[MATERIAL FOR THE TASK]:
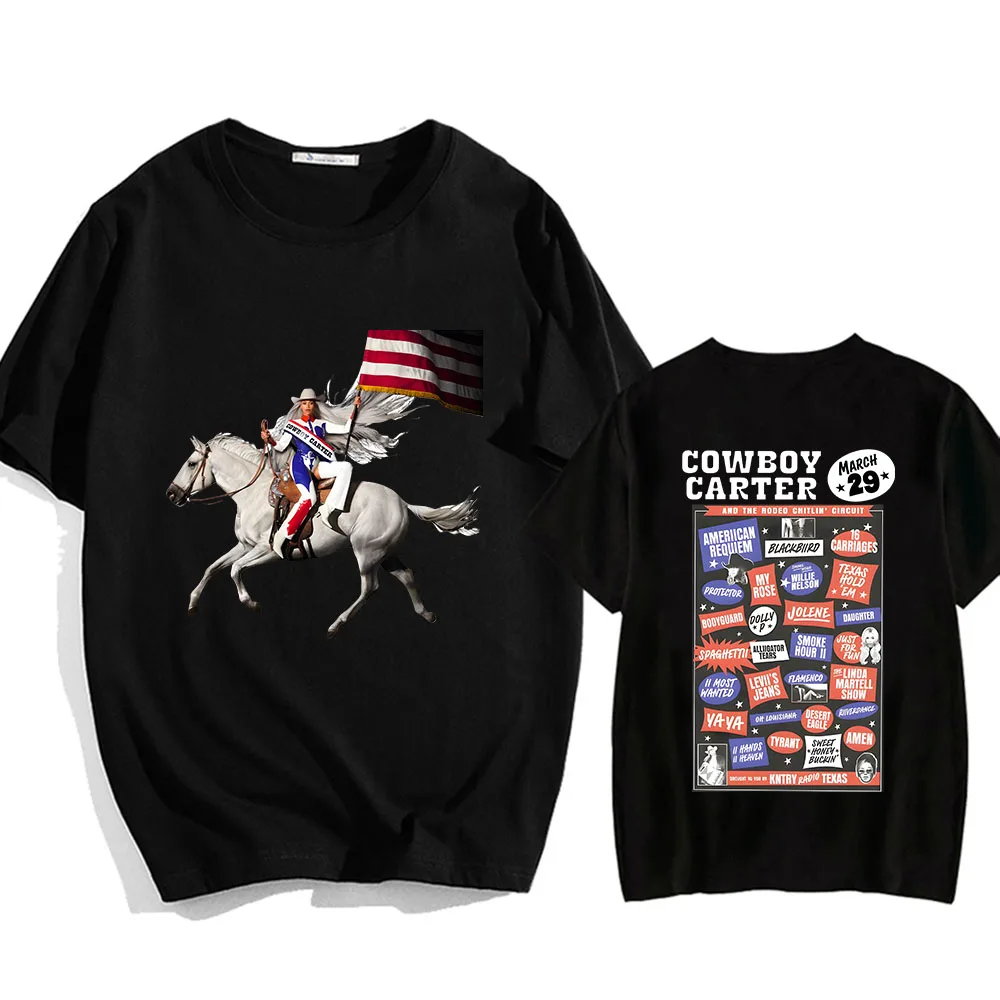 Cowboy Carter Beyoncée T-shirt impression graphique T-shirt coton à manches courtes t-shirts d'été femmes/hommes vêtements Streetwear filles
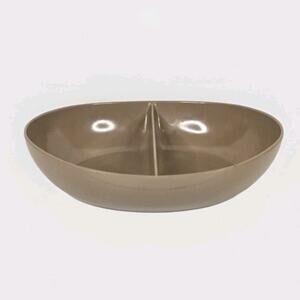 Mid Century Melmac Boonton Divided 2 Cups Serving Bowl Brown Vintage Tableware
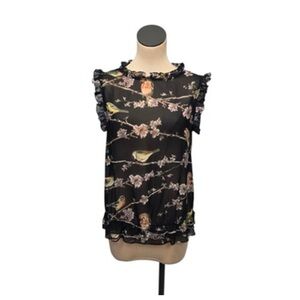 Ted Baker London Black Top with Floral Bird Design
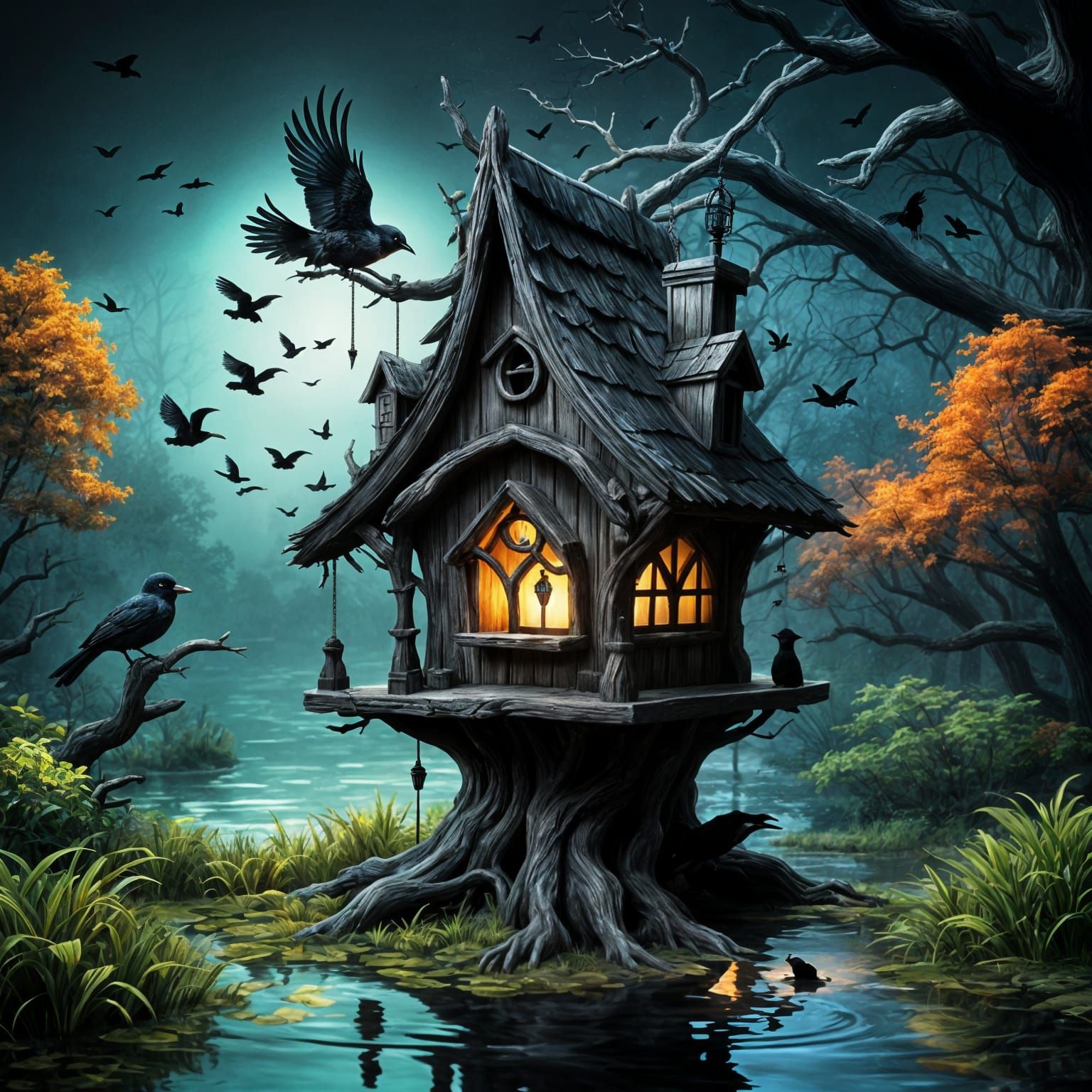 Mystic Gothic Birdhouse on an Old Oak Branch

...

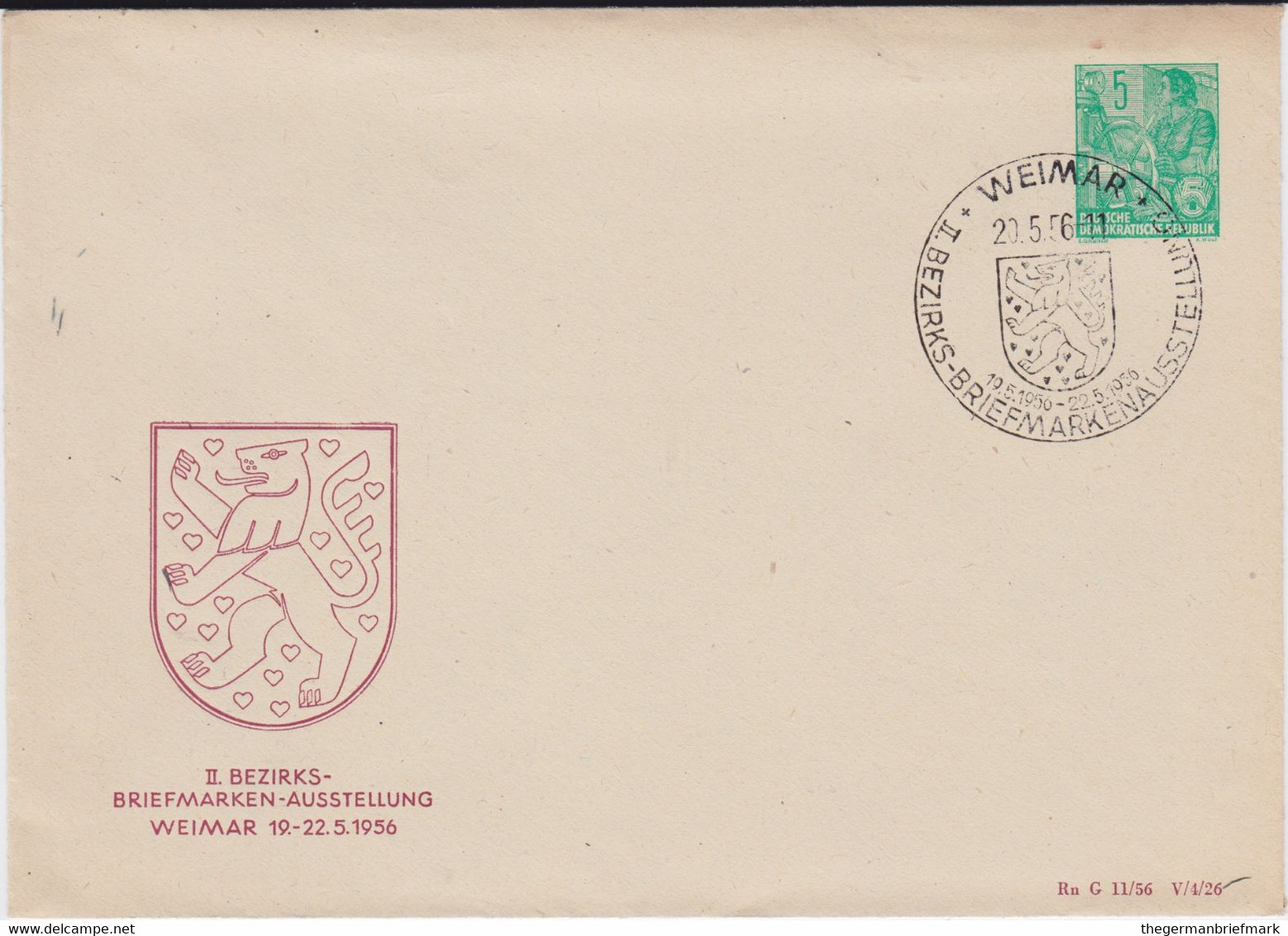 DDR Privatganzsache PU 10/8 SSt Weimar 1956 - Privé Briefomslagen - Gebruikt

---

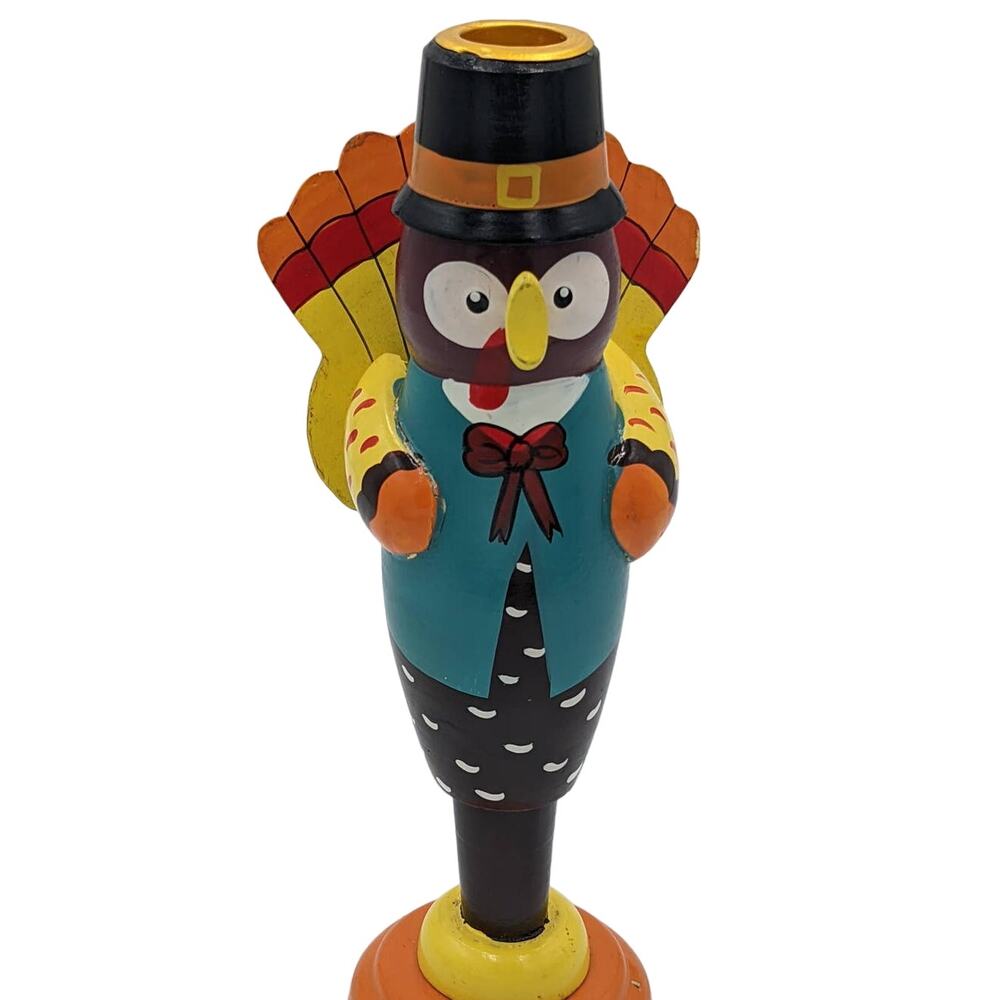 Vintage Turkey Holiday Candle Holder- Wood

[EXERCISE OBJECTIVE]:
In the listing above, find the line containing "Cowboy Carter Beyoncée" and the line containing "Mystic Gothic Birdhouse on an Old Oak Branch". Print those two lines and every line between them exactly, with no pictures.

[ANSWER SECTION]:
 Cowboy Carter Beyoncée T-shirt impression graphique T-shirt coton à manches courtes t-shirts d'été femmes/hommes vêtements Streetwear filles
 Mid Century Melmac Boonton Divided 2 Cups Serving Bowl Brown Vintage Tableware
 Ted Baker London Black Top with Floral Bird Design
 Mystic Gothic Birdhouse on an Old Oak Branch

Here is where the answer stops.